Guess how you validate Yahoo!'s IDIF format? There is no grammar available. In fact, there's no specification at all, just a loose explanatory document. Now, after a couple of phone calls with Yahoo!'s rep, I finally figured out how to validate IDIF documents. I email them to the rep. The rep is out of town for a week. He gets back, let's me know of some errors in my output and then I email my corrections to him and never hear back.
If you read about IDIF, and if you're familiar with XML, you will understand why this format is not only fundamentally flawed, but it's a great example of why you should not produce XML variants without careful forethought. The reason it's one of the best examples of how to do something wrong is because of Yahoo!'s target market: everybody.
Here's how Yahoo! describes their "Search Submit Pro" technology which uses IDIF to format documents.
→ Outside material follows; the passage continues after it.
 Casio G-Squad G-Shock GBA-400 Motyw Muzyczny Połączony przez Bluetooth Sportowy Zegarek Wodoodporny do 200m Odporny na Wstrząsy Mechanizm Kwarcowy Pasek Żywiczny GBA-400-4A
The Yahoo! Search Submit Pro program enables commerce sites and content providers to drive more traffic to their web sites. Search Submit Pro helps customers directly deliver their content to the Yahoo! Search index, which provides search results to many of the largest and most popular web portals. Designed for content providers with more than 1,000 URLs, the Search Submit Pro program offers many benefits, including
So this is for large Web sites all over the world. These Web sites create IDIF documents and build IDIF "pointer" files which Yahoo! reads to find the IDIF documents so the Web site can have more relevant search results in Yahoo!'s index. Can you think of a better example of something which requires a standard, well-tested data interchange format? (It's worth noting creating a format which screams "junior programmer" does nothing to help a company's reputation.)
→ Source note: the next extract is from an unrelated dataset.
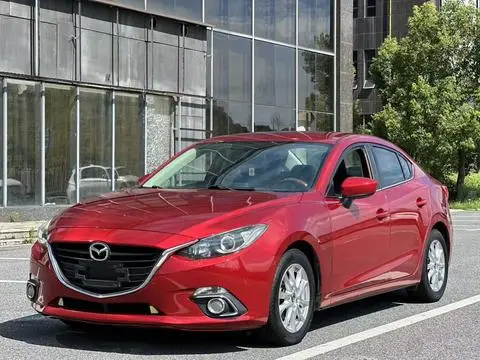 Mazda 3 昂克赛拉 2014
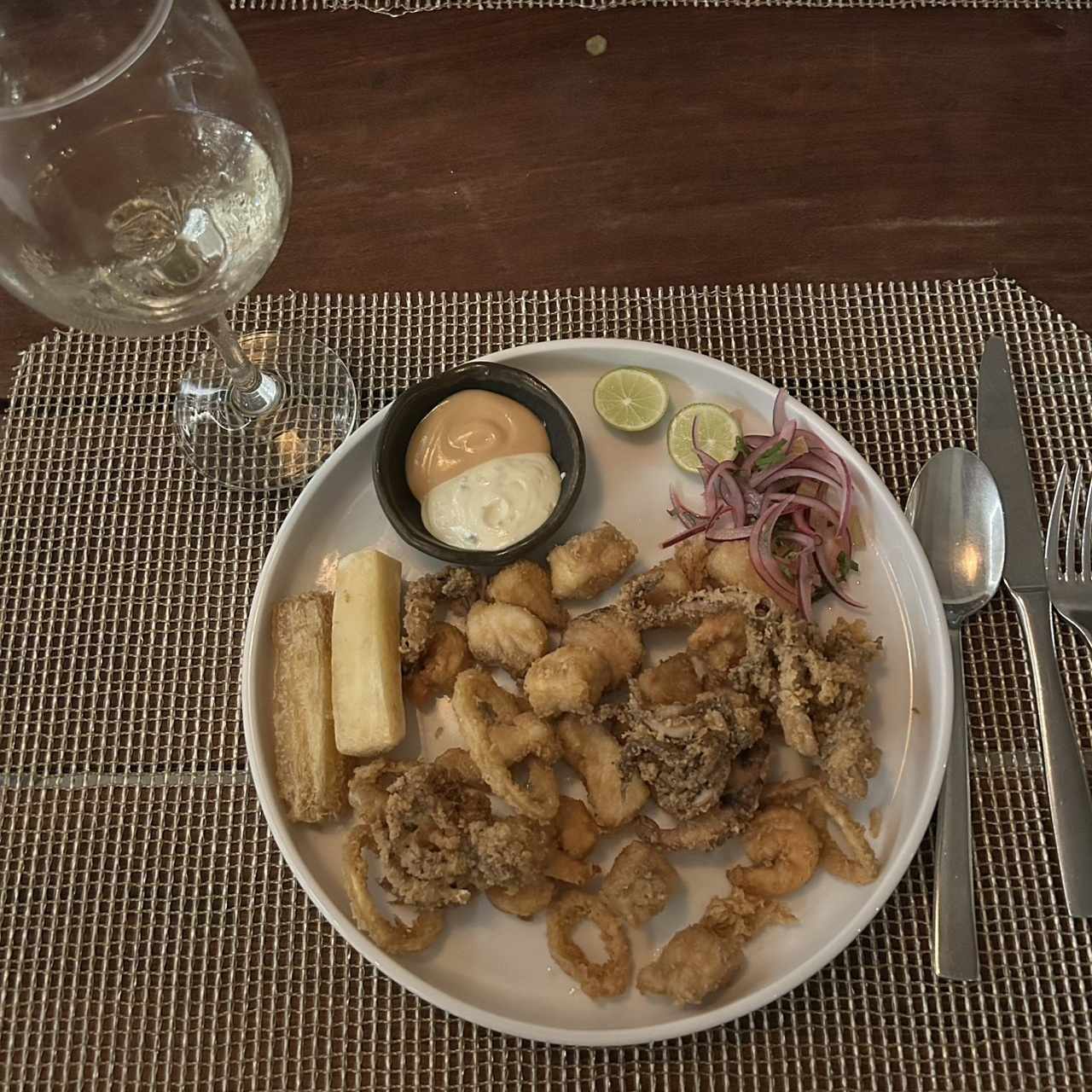 Entradas - Chicharron Mixto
Let's take a look at a typical IDIF document, pulled straight from their examples:
<title>BabyStuffAndMore.com: everything a baby could need</title>
<meta name="keywords" content= "Baby clothing, baby furniture, infant
accessories, baby store, baby toys, kids clothes, cribs, baby
<meta name="description" content = "Shop for a variety of products for
newborns and toddlers. Outfit your whole nursery. BabyStuffAndMore.com
has car seats, cribs, bedding, toys and more.">
Find great buys on new-baby must-haves, from strollers and car seats
to items for the nursery. Personalized gifts for baby: We have a
great selection of personalized gifts, including: engraved silver
spoons, nursery décor and clothing.
<PROP name="trackurl">http://track.babystuffandmore.com/6093/ ->
<DOC url="http://www.babystuffandmore.com/catalog/ ->
How do I hate thee? Let me count the ways.
First, get rid of that XML declaration. It doesn't belong there. This is not XML.
Second, look at the tag. It says type="type/html". Then it has an HTML document. A nice, unstructured HTML document. An unescaped HTML document. That document can come from anywhere. It allows bad HTML, so IDIF will frequently not validate as XML. I talked to a Yahoo! rep on the phone. I explained my predicament and the man explained that no, I was not allowed to escape the HTML. Can I use a CDATA section? "No." What happens if my clients decide to use include a <DOC> tag somewhere in a document? "Don't do that."
In fact, he explained that if clients, for some reason, used DOC, CONTENT, PROP tags or others in IDIF (not that they would, but I can't stop them if they do), that there are places where it can go in the HTML and others where it can't. He seemed a bit unclear on the specifics and I certainly can't remember them.
In other words, thousands, possibly tens of thousands of Web sites all over the world must all remember not to include any tags like that in their content. Ever.
The only saving grace I see is that the tags used in IDIF are not valid HTML tags, but there are sites which chunk out some pretty weird stuff and a variety of software tools that generate "custom" HTML tags. And in the unlikely event that any of these tags get introduced into "official" XHTML, Yahoo! has a problem.
I can understand a small shop goofing up and doing something like this, but why would a huge software company whose business is dependant getting things done correctly do something this sloppy? Let's say you get calls from 3 irate customers out of 10,000 because those customers are churning out bad HTML. Seems like nothing, right? Well, had Yahoo! stuck with XML in the first place, those 3 irate customers wouldn't be so irate. Further, because you can't use standard XML generating tools, you drive up the costs for the end developers who have to write custom tools.
I do feel kind of bad for Yahoo!, though. This is technology they acquired from Inktomi. It's obviously very beneficial and was likely in widespread use when Yahoo! acquired it so just telling all of their customers "you must change your systems" is rather problematic. Instead, I would recommend that they slap a version number on their IDIF documents and encourage their customers to update their IDIF generators. The new version of IDIF can be valid XML (or other format) and Yahoo! could look for the version number to figure out how to parse it.
To summarize: it's not XML, despite the declaration. There are possible tag collisions, there is no clear specification and there is no way to automatically validate it (yes, I can write a validator for it by pulling it apart at the top level, but I shouldn't have to). Saying "these problems are unlikely to be an issue" is a poor excuse. Good programmers look both ways before crossing a one-way street.